Review: OCD, the Dude, and Me by Lauren Roedy Vaughn

OCD, the Dude, and Me Book Cover OCD, the Dude, and Me
Lauren Roedy Vaughn

From the first day she began at her alternative high school, Danielle Levine has obsessively chronicled the highs, lows, and really lows of teenage life in her “me-moir,” a sacred color-coded, locked binder kept securely boxed under the bed wrapped in a pillowcase.

Determined that her senior year mark the major change she’s been waiting for, Danielle resolves to trade her Friday night reenactments of scenes from Jane Eyre (complete with puffy sleeves, petticoats, English accents, and her parents) for invitations to Friday night parties with the popular kids, including the object of her unrequited love.

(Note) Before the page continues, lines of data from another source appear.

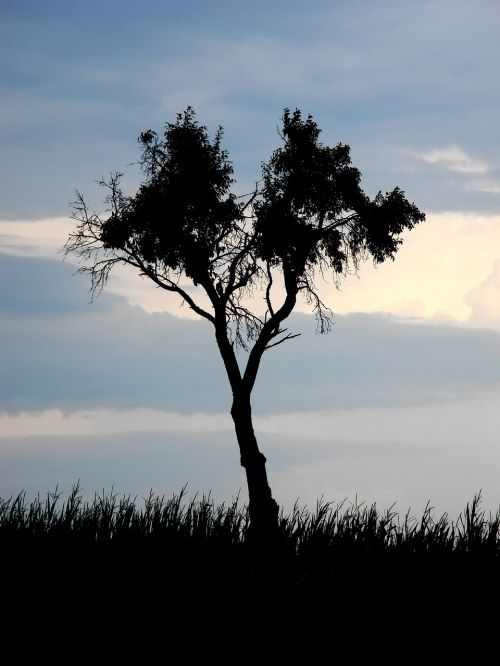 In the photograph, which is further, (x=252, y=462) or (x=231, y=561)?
(x=252, y=462)

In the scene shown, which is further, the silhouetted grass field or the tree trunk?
the tree trunk

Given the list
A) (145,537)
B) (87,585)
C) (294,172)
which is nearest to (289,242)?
(294,172)

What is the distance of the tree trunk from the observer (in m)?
26.2

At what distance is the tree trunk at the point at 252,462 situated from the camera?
26.2 meters

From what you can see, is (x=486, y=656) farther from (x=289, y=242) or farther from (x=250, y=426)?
(x=289, y=242)

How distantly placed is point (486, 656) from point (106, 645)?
19.2 feet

OCD, The Dude, and Me offers up an intimate, humorous insight into the life of one charmingly obsessive outcast. Danielle fastidiously archives her experiences through essays, rants, journals, e-mails, and other written exchanges with an observant wit. In a year filled with the unexpected, including surprise friendships, a glorious feeling of self-acceptance, and a life-altering viewing of The Big Lebowski, Danielle realizes she may not be as alone as she thought.


OCD, The Dude, and Me is one of those wonderful stories that manages to be amusing, heartwarming, sad, and inspiring all at the same time. Despite being a quick read, it leaves you feeling as if a better world is possible for anyone who seeks it.

The protagonist in this novel is Danielle Levine, a slightly overweight redhead battling Obsessive Compulsive Disorder and ultra-low self-esteem. She’s got endless idiosyncrasies, such as a penchant for wearing unusual hats – berets, fedoras, straw hats, even bonnets – and a tendency to rearrange her snow globe collection on a regular basis.

Danielle suffers from OCD anxiety attacks, frequently has to hide under piles of laundry in her room in order to cope with life, and changes into combat boots and her conductor hat as necessary in order to feel more in control. She’s a bit of a mess, socially awkward and very aware of this.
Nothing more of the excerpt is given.